[Start of Attachment]

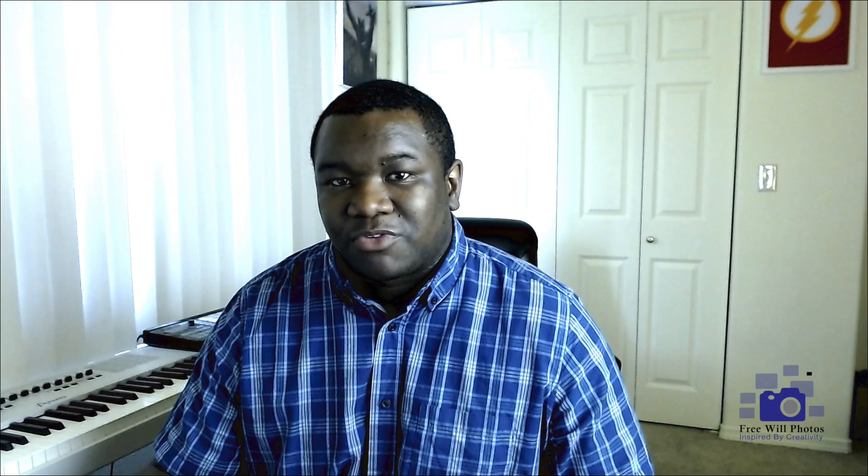I do have an affiliate link to Amazon if you want to go pick up this lens. It helps out the channel so we can continue to grow. The Tamron 24-70 is almost a no-brainer. If you're doing video, this is a great lens for video as well.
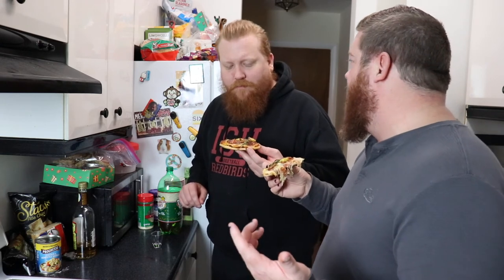Next week, we need a new recipe. And we need more stuff to do on the vlog, so. Bye.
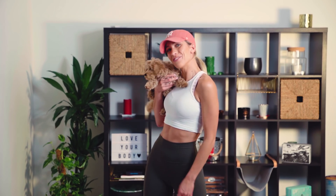Hola Familia! Welcome back to my channel from Teddy and I. It's Lilly Sabra here, and today I'm coming to you with a brand new workout.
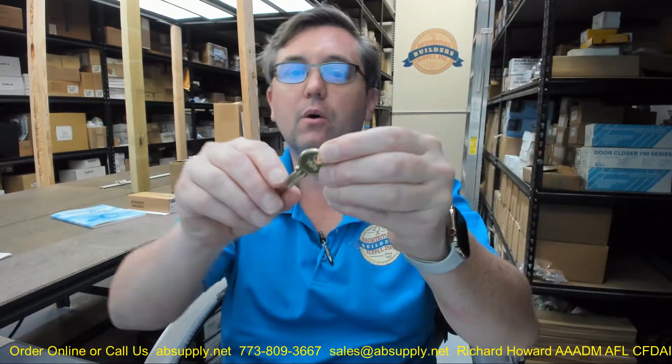Hello, my name is Rich Howard, owner of Architectural Builder Supply, and this video is to bring you a closer look at the Yale RN11 6-pin ZA keyblank.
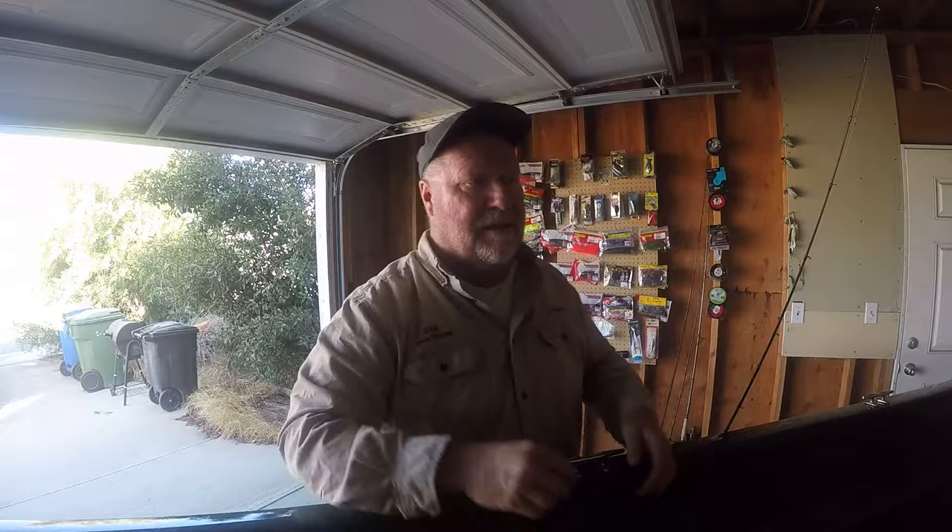You know there's times you're out on a lake and the bass maybe they start off biting really good and then all of a sudden everything slows down. If you've watched any of my videos, you know how much I like the little Ned Rig. The Ned Rig is one of the best ways to catch finicky bass.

[End of Attachment]

Copy exactly, and only, the lines from the first entry through the line holding "Next week, we", both ends included, leaving out every picture.

__Solution to this problem__
I do have an affiliate link to Amazon if you want to go pick up this lens. It helps out the channel so we can continue to grow. The Tamron 24-70 is almost a no-brainer. If you're doing video, this is a great lens for video as well.
Next week, we need a new recipe. And we need more stuff to do on the vlog, so. Bye.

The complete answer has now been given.